As to dirt vs. soil. This is a distinction which is not only foreign to this hobby but almost impossible to even create. For example, let's say I am a hobbyist who wants a soil substrate tank. Where exactly would I go to obtain dirt (the ancient farmers definition of dirt, not the dictionary definition) by mistake. Doing a google search the only thing I could find regarding the definition of dirt vs soil was a bunch of blogs saying that dirt and soil are the exact same thing but dirt doesn't contain microbes or decomposed matter. Ok great, where in the world would I even find such a mythical beast? No microbes? Nothing decomposed? Outside of a laboratory I don't think it exists. Certainly the hardware store doesn't sell perfectly sterile nutrient deprived bags of "dirt". Rather this seems to be a word which is a 'term of art' for farmers to explain why certain patches of ground are not growing certain kinds of plants. Not really applicable for us.


----------



## Rotala macrandra (Mar 2, 2020)

minorhero said:


> So unfortunately this is where ideology runs into practice and gets derailed. If you are going to make general claims that commercial garden soils/dirt/potting soil/raised bed soil whatever is not very good, then you should provide an example of something that is better. And you should also have something even anecdotal evidence that proves it is better. Otherwise you are just telling people their ideas and plans are not effective/efficient without providing any advice to the contrary. I am all for innovation, I love it and think we need more of it. But simply telling folks that the accepted practice is not good is frankly inadequate. And if you haven't actually tested your theories that there is something better for aquarium use then the dirt we buy at a hardware store, then you shouldn't be telling folks seeking advice that using said hardware store dirt is no good.
> 
> As to dirt vs. soil. This is a distinction which is not only foreign to this hobby but almost impossible to even create. For example, let's say I am a hobbyist who wants a soil substrate tank. Where exactly would I go to obtain dirt (the ancient farmers definition of dirt, not the dictionary definition) by mistake.

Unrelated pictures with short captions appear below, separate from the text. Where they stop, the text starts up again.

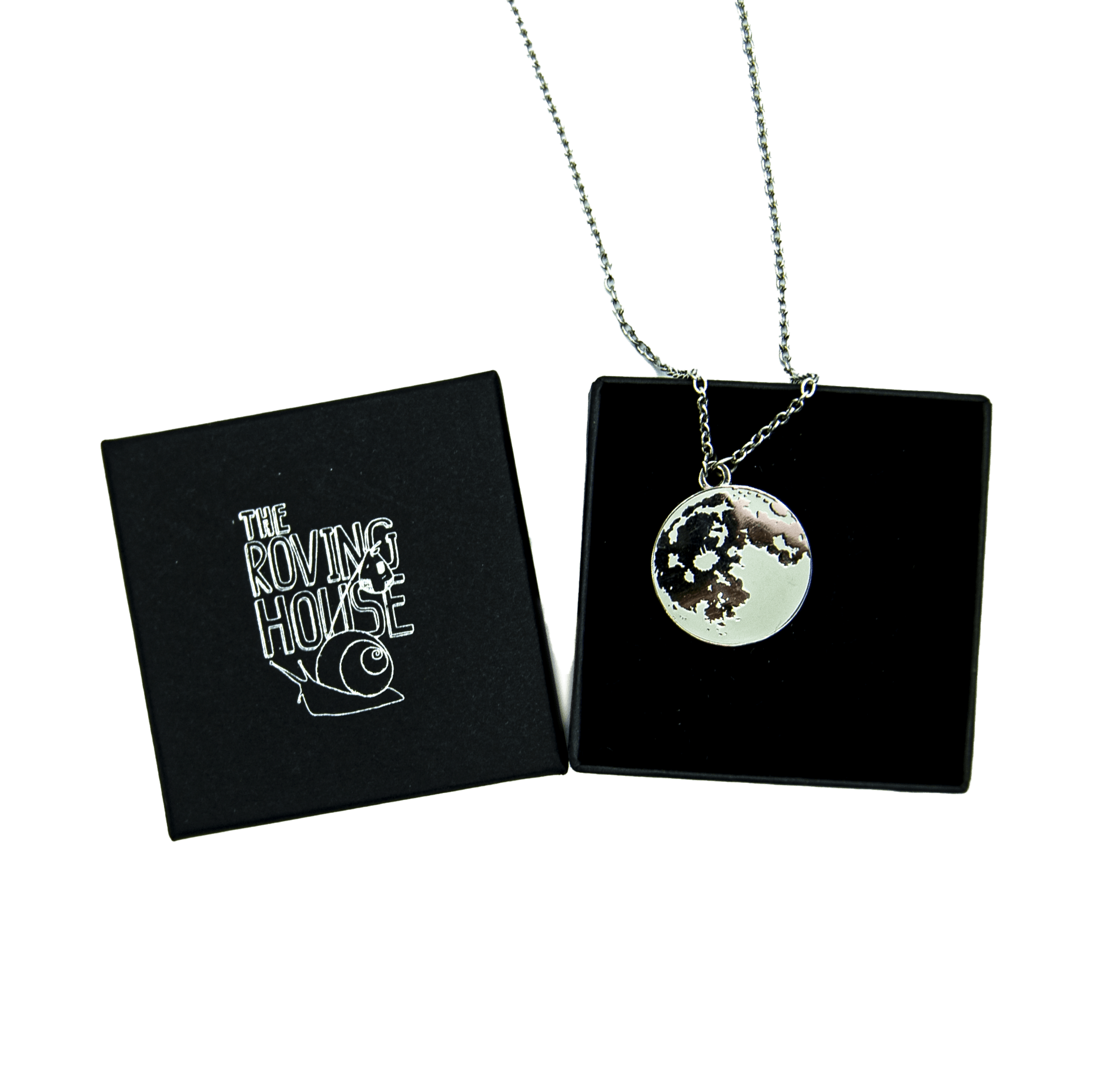 A grey enamel and black nickel pendant of the full moon on a silver metal chain, draped over a black jewelry box with The Roving House snail logo printed on its cover.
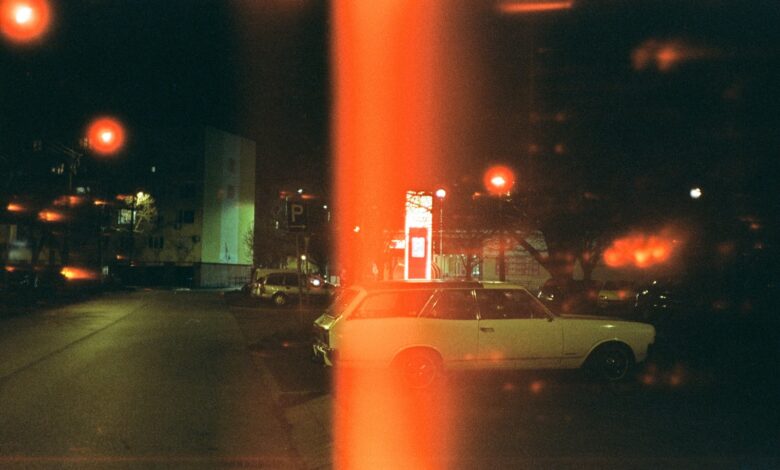 white sedan on road during night time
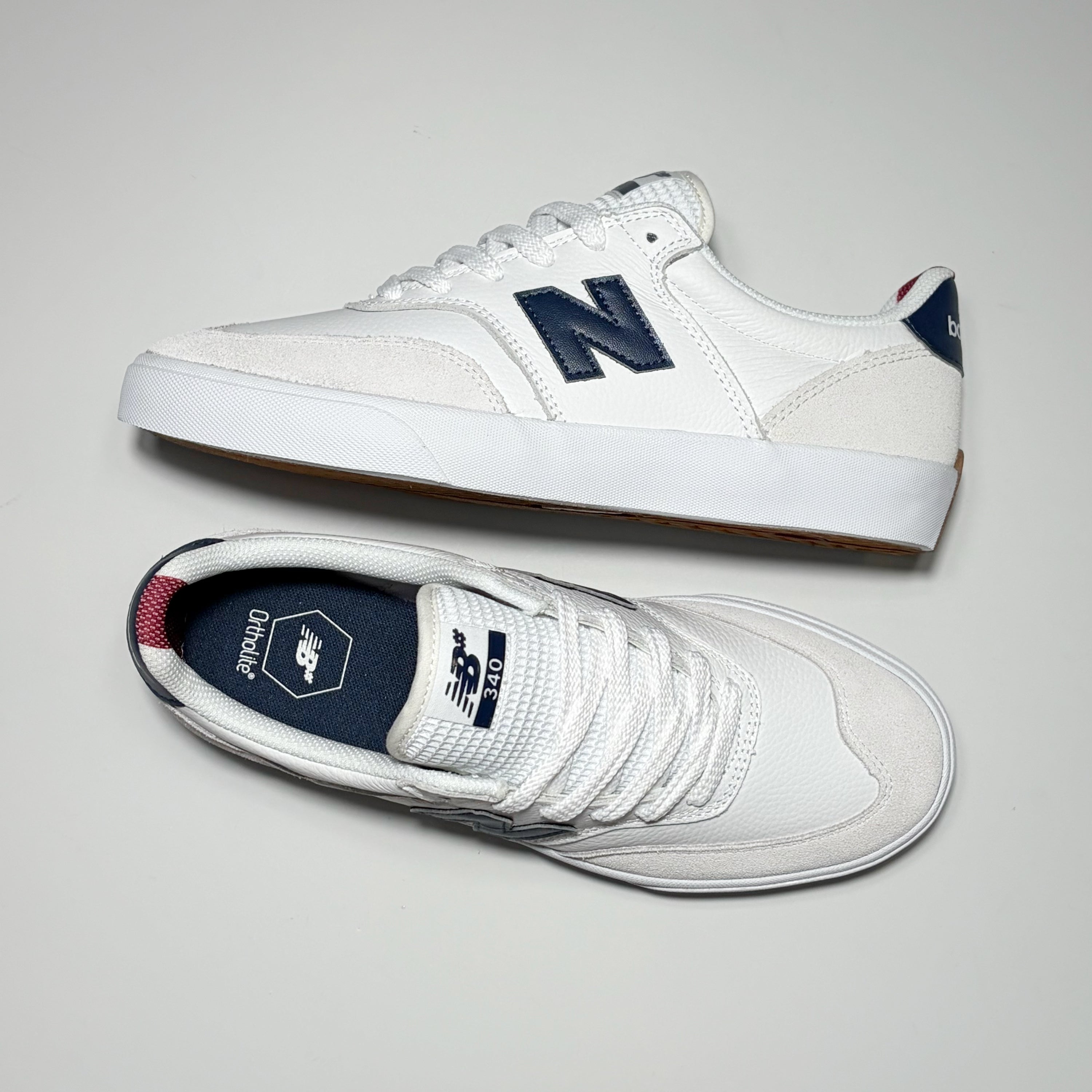 Pair of Numeric 340 shoes in white with navy detail hits on tongue.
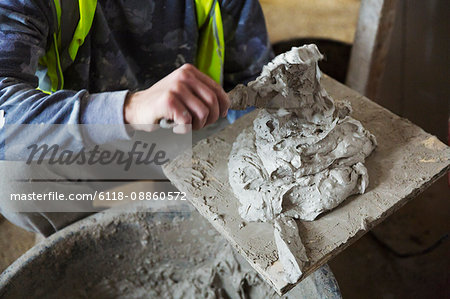 A man holding a plastering board and spreading trowel.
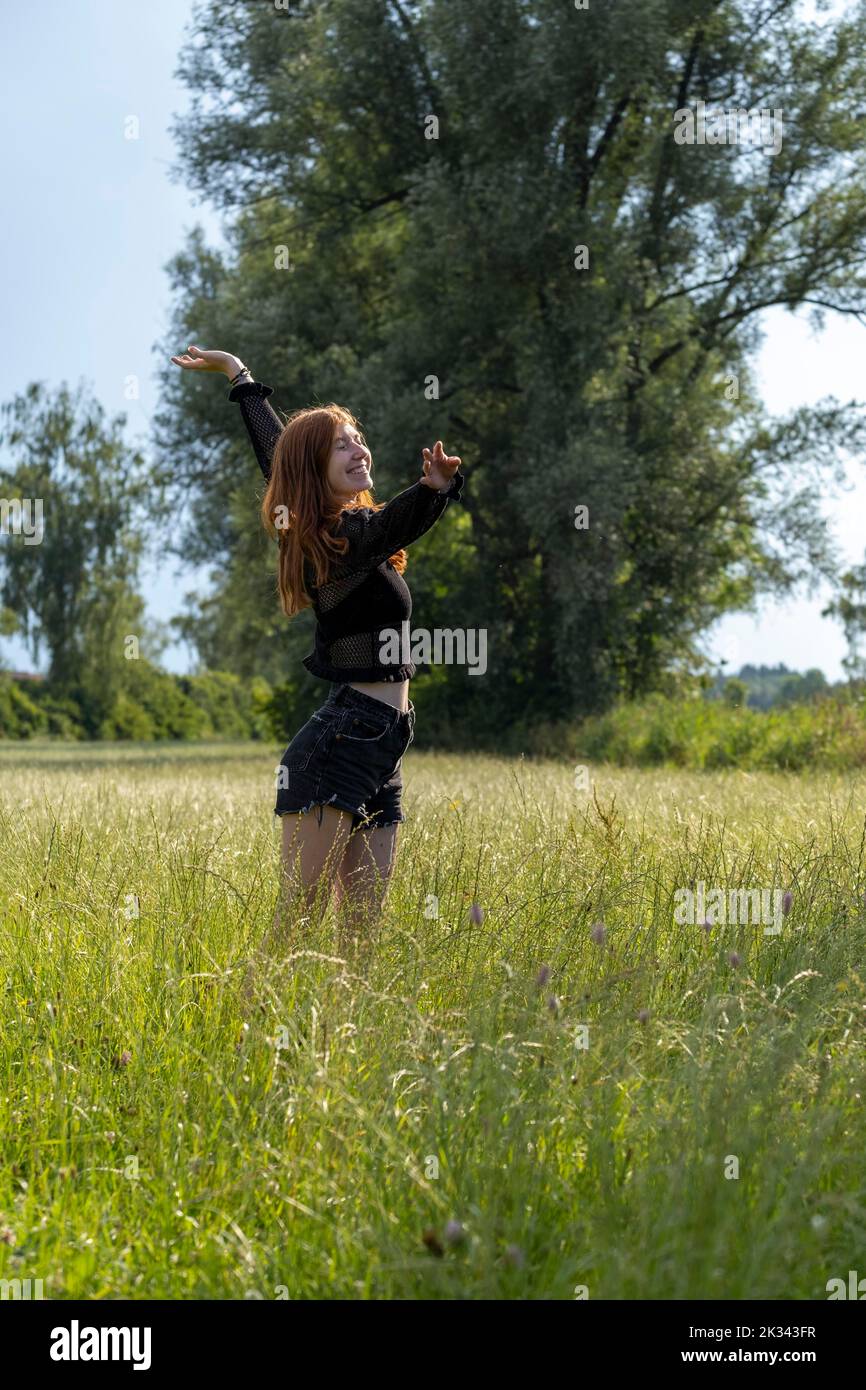 Giovane donna che gode della natura, in erba alta, vicino alla natura, prato, Landlust, Alta Baviera, Baviera, Germania Foto Stock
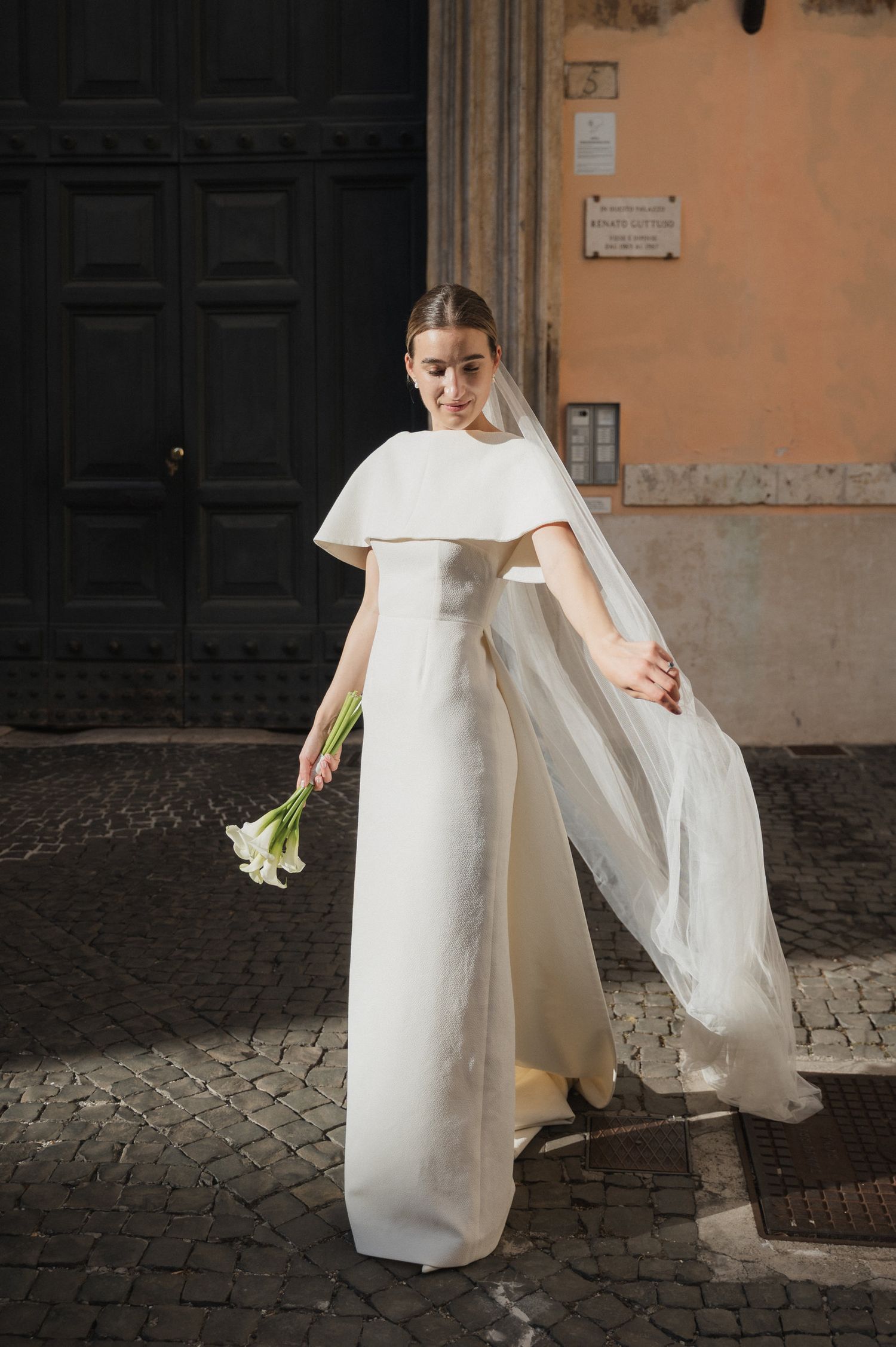 Bride in minimalist white dress walking on historic cobblestone street.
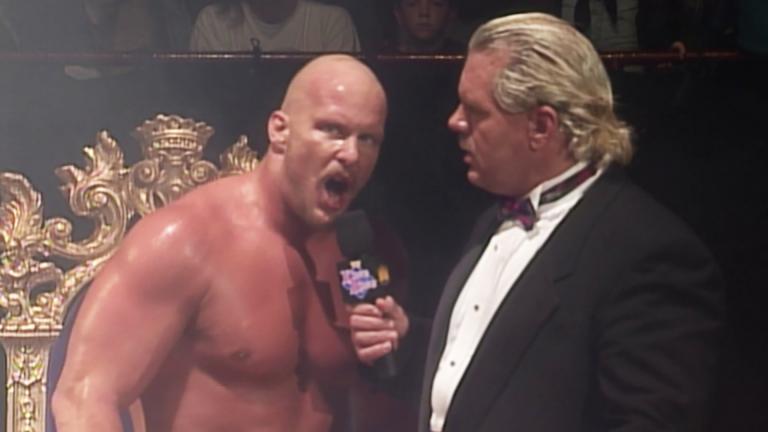 Steve Austin looks at the camera as he talks aggressively into a microphone held by the announcer
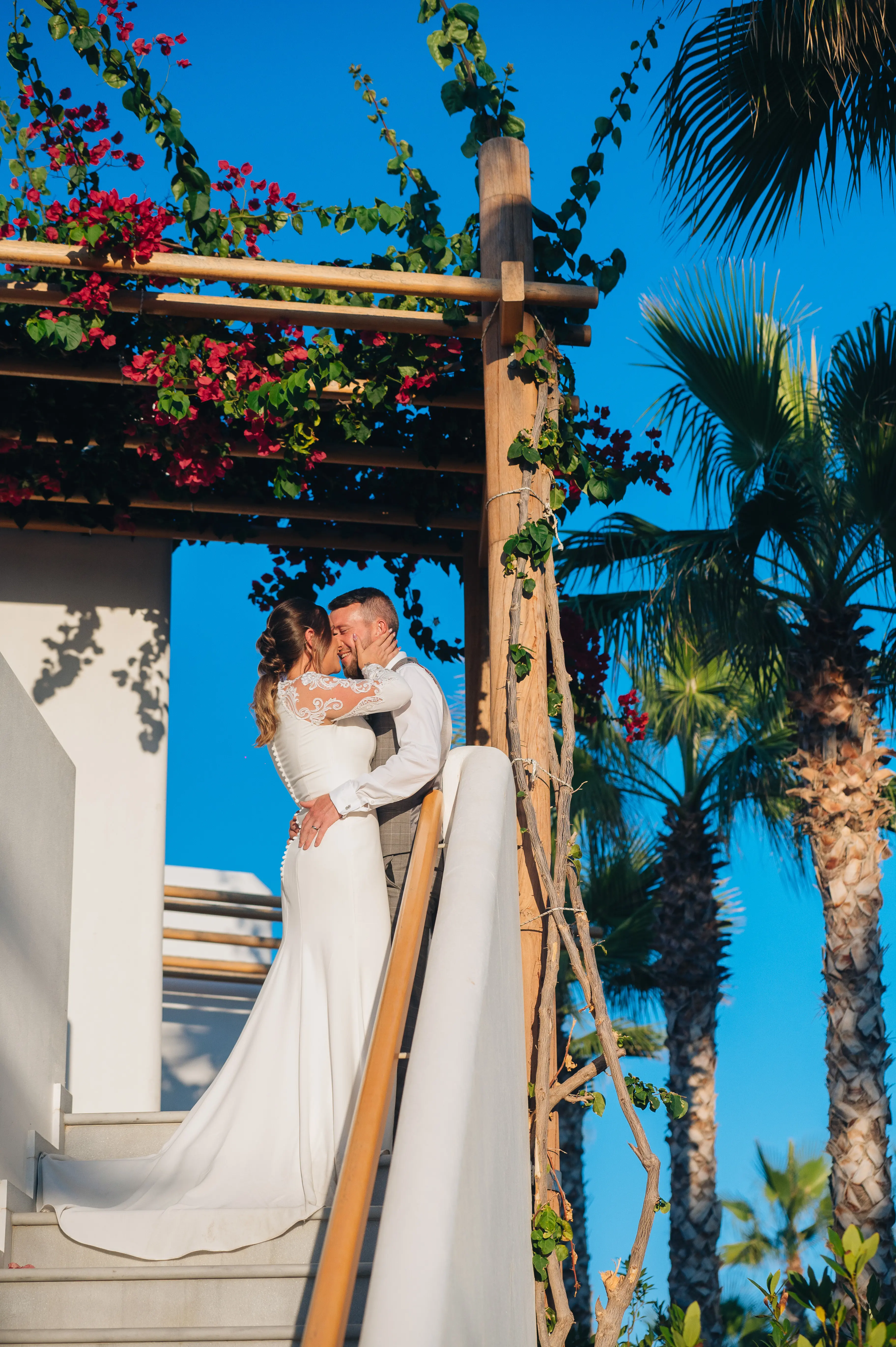 Groom with Real Bride in Minimalist Crepe Long Sleeve Lace Sheath Wedding Dress Called Bethany by Rebecca Ingram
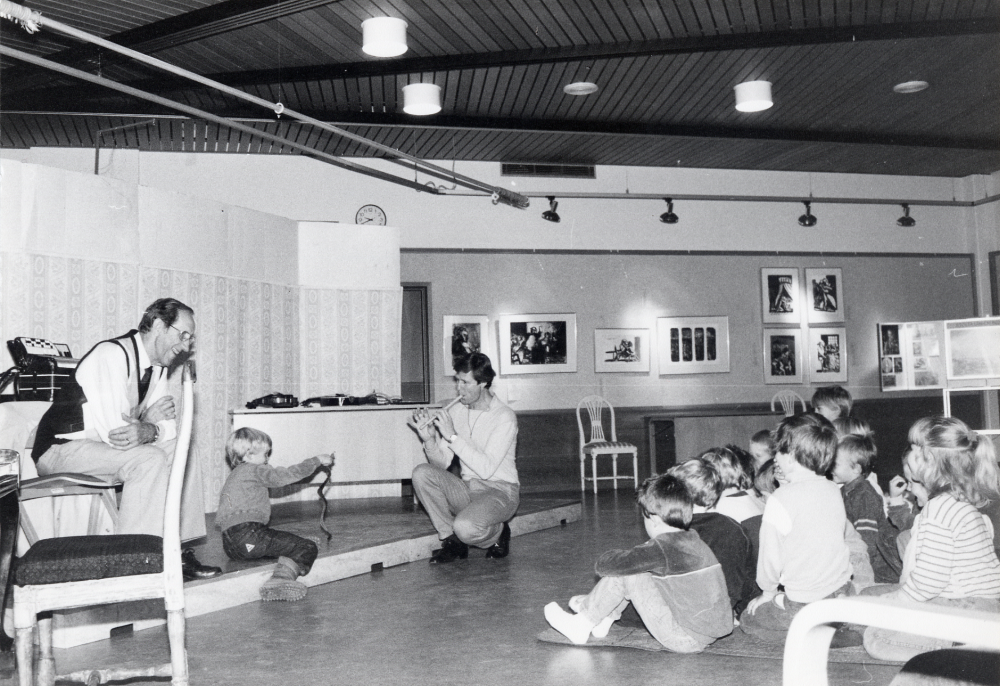 Sven Widén  och hans son  Lars Widén  spelar musik och visar musikintrument för förskolebarn i  Vallentunasalen   Musikprogram för förskolebarn  På bilden spelar  Lasse Widén   flöjt  och en pojke leker ormtjusare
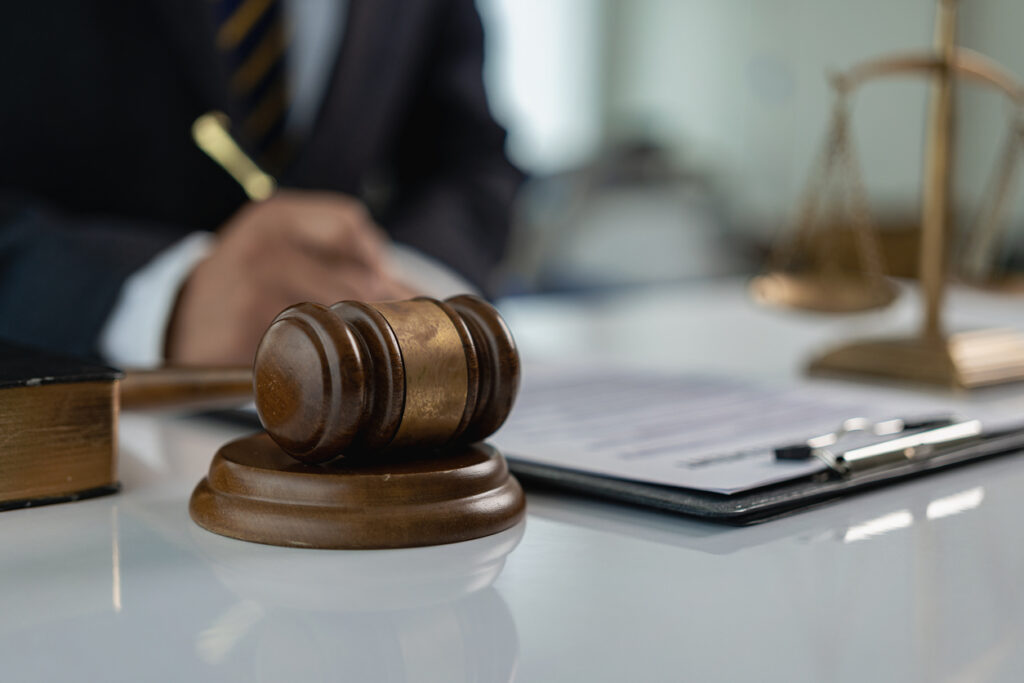 Judge gives hammer and lawyer in suit working on documents Law, advice and justice in office or courtroom, legal advisor with hammer and scales, law, justice concept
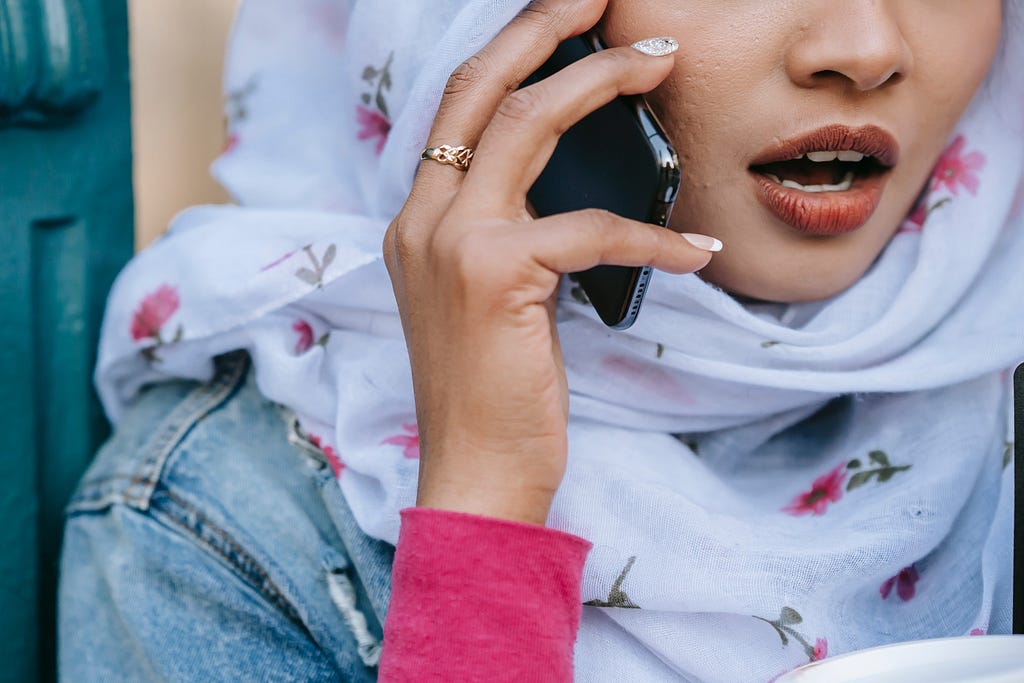 A closeup of a woman holding her phone with her mouth opened.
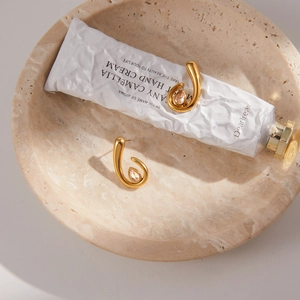 Détail de boucles d'oreilles dorées avec zircone sur présentoir en marbre chic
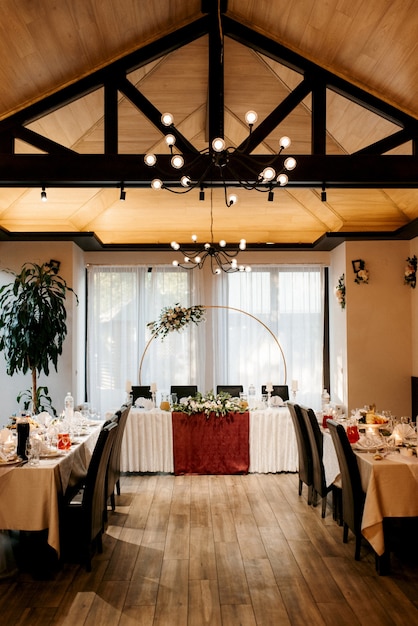 Il presidio degli sposi nella sala banchetti del ristorante è addobbato con candele e piante verdi, dal soffitto pende il glicine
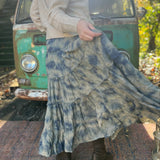 Someone wearing the indigo Tie Dye Gauze Cotton Skirt with a beige sweater in front of a vintage teal Volkswagen bus. Showing off the back.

Doing a google search the only thing I could find regarding the definition of dirt vs soil was a bunch of blogs saying that dirt and soil are the exact same thing but dirt doesn't contain microbes or decomposed matter. Ok great, where in the world would I even find such a mythical beast? No microbes? Nothing decomposed? Outside of a laboratory I don't think it exists. Certainly the hardware store doesn't sell perfectly sterile nutrient deprived bags of "dirt". Rather this seems to be a word which is a 'term of art' for farmers to explain why certain patches of ground are not growing certain kinds of plants. Not really applicable for us.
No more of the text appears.